Ignore all of my previous statements about how hot it is here – today it is relentlessly motherfucking hot. And it has been for days. Yesterday was a new record high, something like 103 and the humidity was at 99% all day. It didn’t let up much after the sun went down, either. I took 6 or 7 showers yesterday, and even with the air conditioner in our bedroom, it felt very uncomfortable indoors. The rest of the apartment felt like when you turn the oven on all the way for a few hours and it turns your kitchen into a kiln. Today isn’t supposed to be any better – I think on wednesday, the temps will drop to the low 80s, but they will go back up by the weekend. I’m thinking of stealing a car and driving as far north as possible, until I get to some Canadian glacier I can lay on for a while.

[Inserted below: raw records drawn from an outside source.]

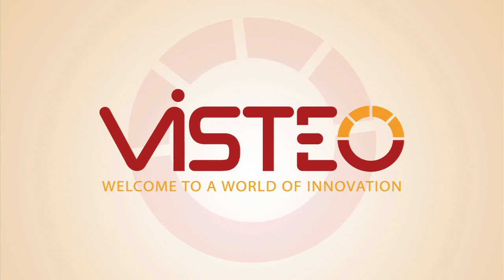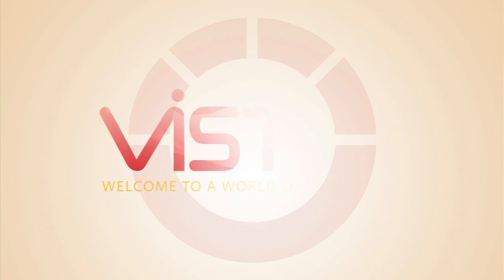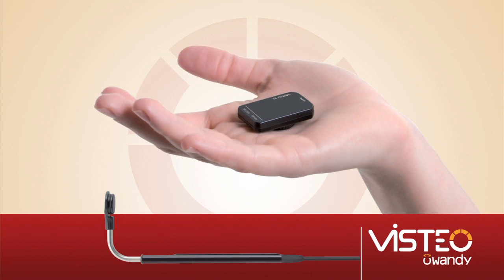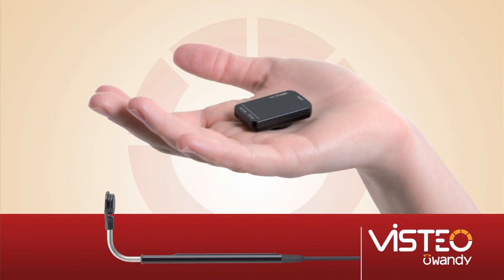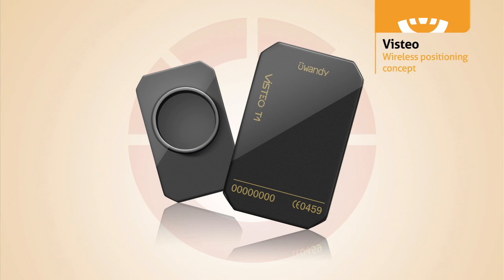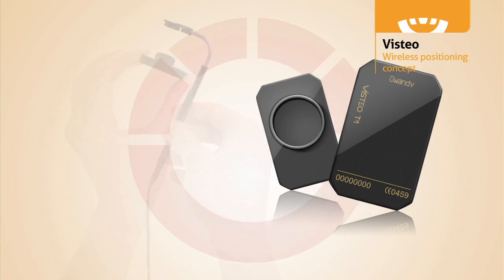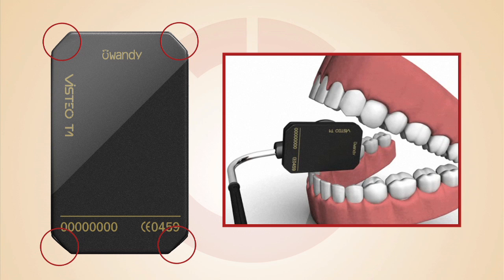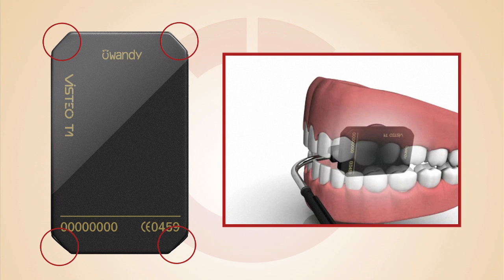Vistio uses a new, innovative technology called induction, which allows us to combine all of the benefits of all other sensors on the market into one single product. The sensors, size 1 or size 2, snap onto the stainless steel cable protector, becoming instantaneously operational. The sensors' corners are rounded for comfortable placement in the patient's mouth.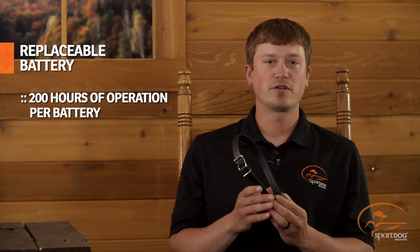On average, you can expect 200 hours of operation per replaceable battery. For more information, visit our website at SportDog.com.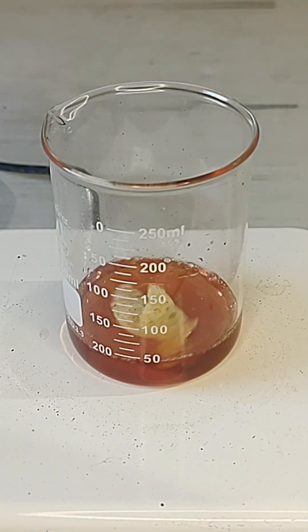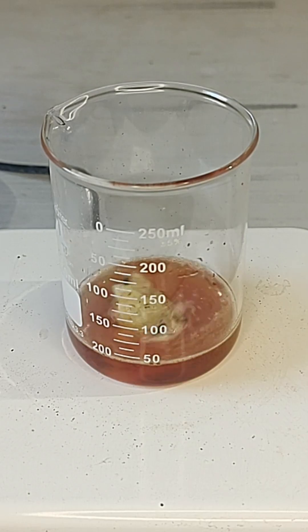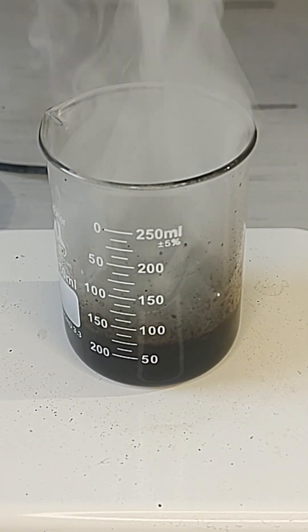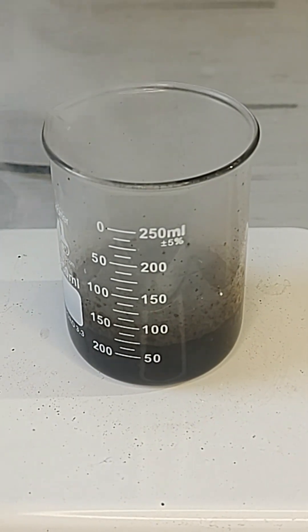Once it had all cleared, I noticed that I also had a potato chip lying around, so I decided why not? I'm an adult and I'll destroy as many potato chips as I want to. And again, it dissolved like it had never even been there.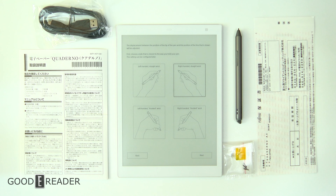If you want to order it, you should be able to get it on the GoodEReader store. That's a GoodEReader unboxing of the Quaderno A5 by Fujitsu — this is Peter, see you next time.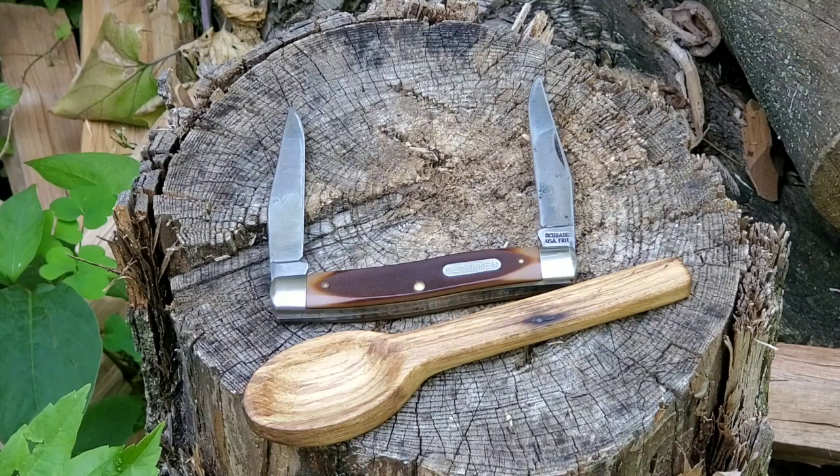There's a lot of history behind this knife. This is called the Improved Muskrat.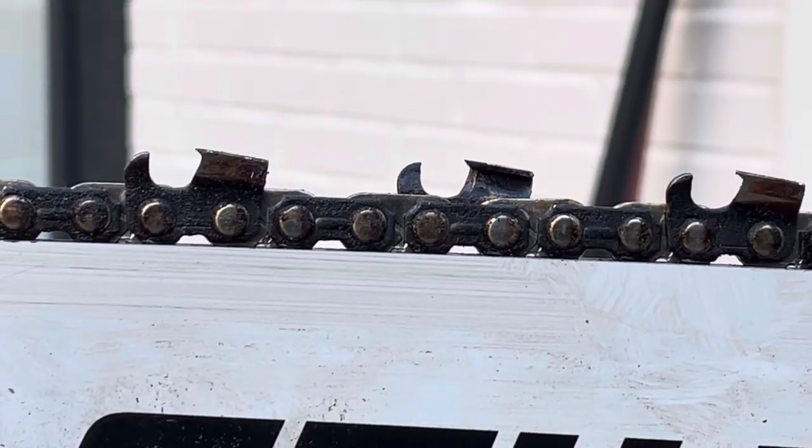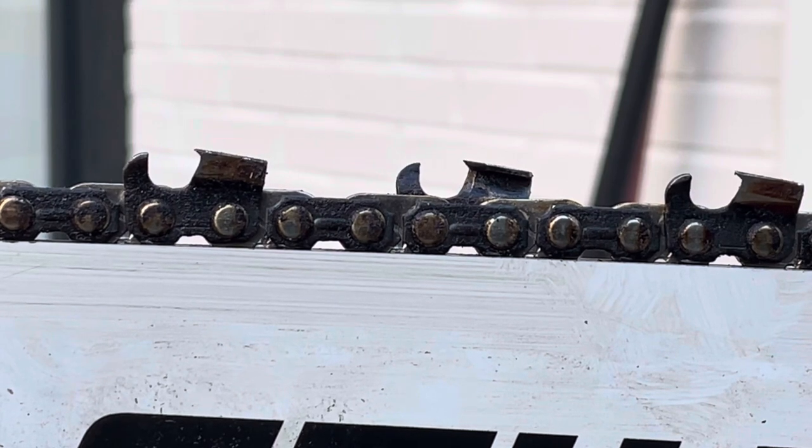I'm outside because the electric's out all over town. What I wanted to show is how chains come from the factory and why on a weaker saw you get a lot of binding. On that 372, a lot of people thought my raker was low — it was actually a new chain. I noticed on that skip tooth chain that Husqvarna sent me the rakers were a little higher than I'd experienced on steel chain or the full comp Husqvarna chain.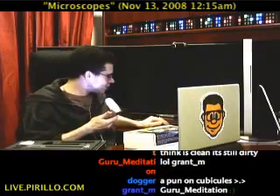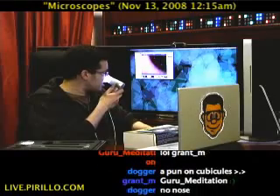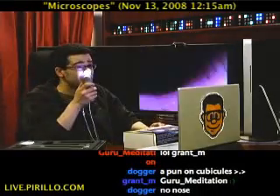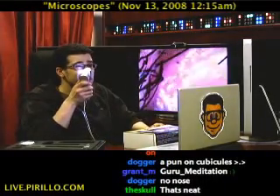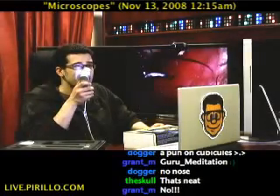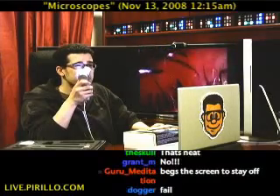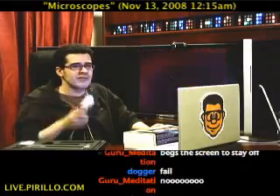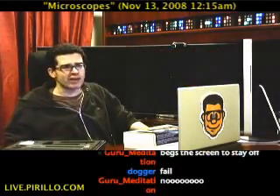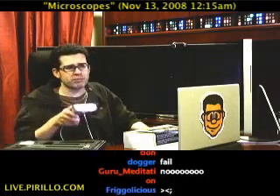This is the true test of a USB microscope — the nose test. My nose was so dark it didn't even show up there for a second. There we go. If you always wanted to know what the inside of Chris Pirillo's nose looks like, this is it. And so help me God, if I see anything moving in there that should not be moving... My nose is just fine, and the microscope proves it.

Really, I am planning a trip to DC in two weeks. My old friend Larry Falli is working an internship at the EPA (he is in law school, which is slightly ironic) and I’m trying to figure out the bus situation to get down there for a 4-day weekend. I’ve got the time and the money, so I figure I’ll greyhound down there, spend a day wandering around while he’s at work. There are still a ton of details to work out, but I’m excited to check out a new city and hang out with Larry again.

It’s way too hot to be here – I think I’m going to go to the movies or something.